Le général Mathis est sorti de sa réserve; il appuie les manifestants, prône un traitement équitable des Afro-Américains, dénonce l'utilisation de l'armée en territoire américain contre la population américaine et porte un jugement plus que négatif sur le président Trump quand il déclare sur le site de la revue,The Atlantic: “Les États-Unis sont maintenant témoins des conséquences de trois années de cet effort délibéré (de division, pour mieux régner) et de l'absence d'un leadership mature». Il plaide avec force pour l’unité sans Trump quand il écrit: “Nous pouvons nous unir sans lui, en nous appuyant sur les forces inhérentes à notre société civile». Devant les menaces de déploiement de l’armée, il déclare : «Les villes américaines ne sont pas un espace de combat que nos militaires en uniforme sont appelés à dominer»
Il se dit consterné par la dispersion des manifestants pacifiques, à coups de boucliers, de grenades lacrymogènes et de balles de caoutchouc, afin de permettre au président, lundi dernier, de traverser le parc aux abords de la Maison-Blanche après son allocution pour se faire photographier avec une bible à la main, devant l'église St. John's ; il écrit : «Je n'aurais jamais imaginé que des troupes prêtant serment [à la Constitution] recevraient, en quelque circonstance que ce soit, l'ordre de violer les droits constitutionnels de leurs concitoyens.

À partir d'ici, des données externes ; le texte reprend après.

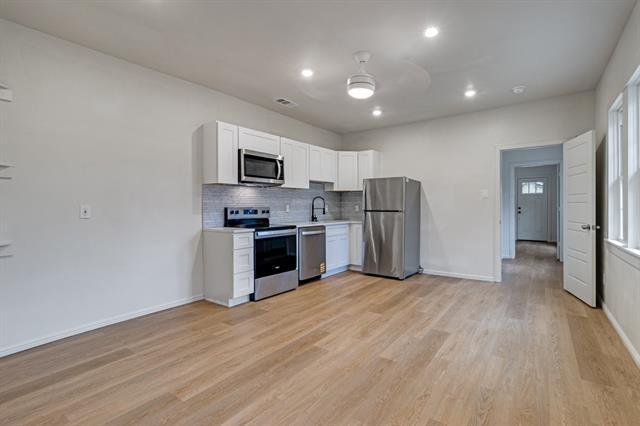 Photo - 3838 Peoria St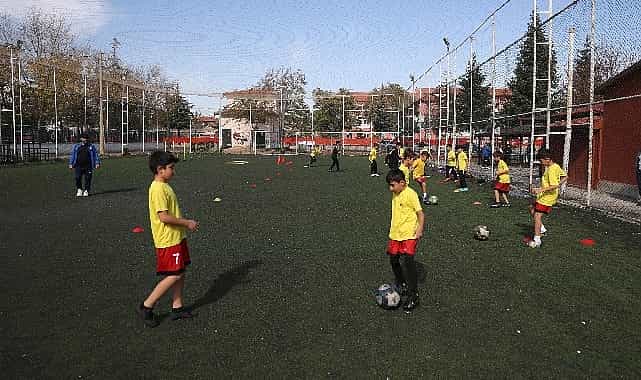 baskan altay 28 ilcemizde kis spor okulumuza katilan 13 bin ogrencimize basarilar diliyorum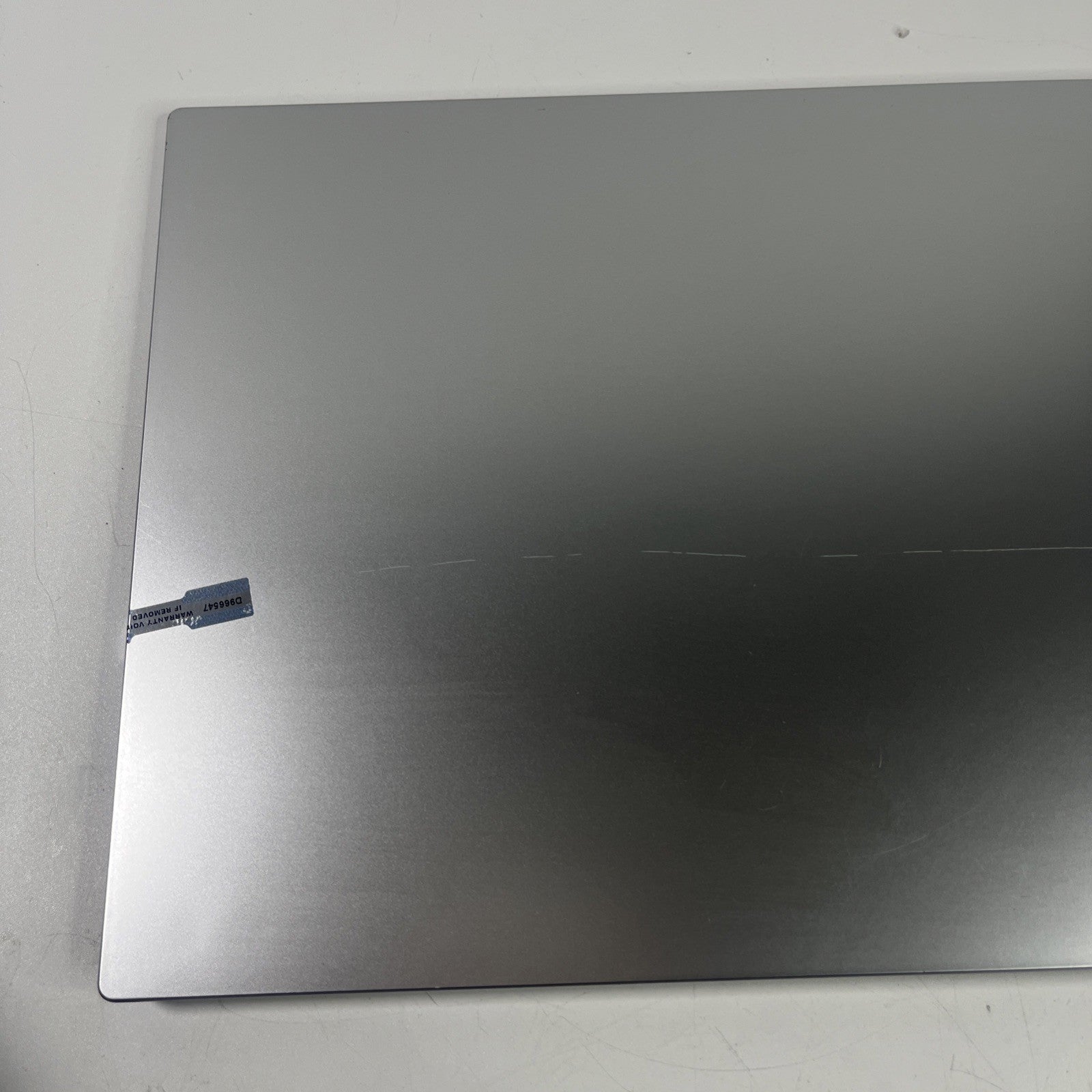 Genuine Silver Asus Vivobook 15 X1504ZA Complete Top Lid & Screen Assembly.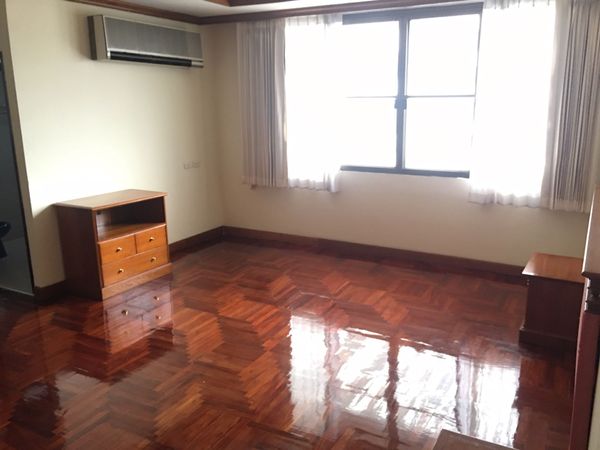 Picture of 3 bed Condo in Sriratana Mansion 2 Khlong Toei Nuea Sub District C10881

Et encore moins de fournir au commandant en chef élu une séance de photo bizarre avec les dirigeants militaires à ses côtés.”
Mardi, l'amiral à la retraite Mike Mullen - un ancien chef d'État-major interarmées des États-Unis - avait publié une critique semblable et hier, 05 juin 2020, Barak Obama intervenait pour dire que l'heure est venue d'exiger des changements.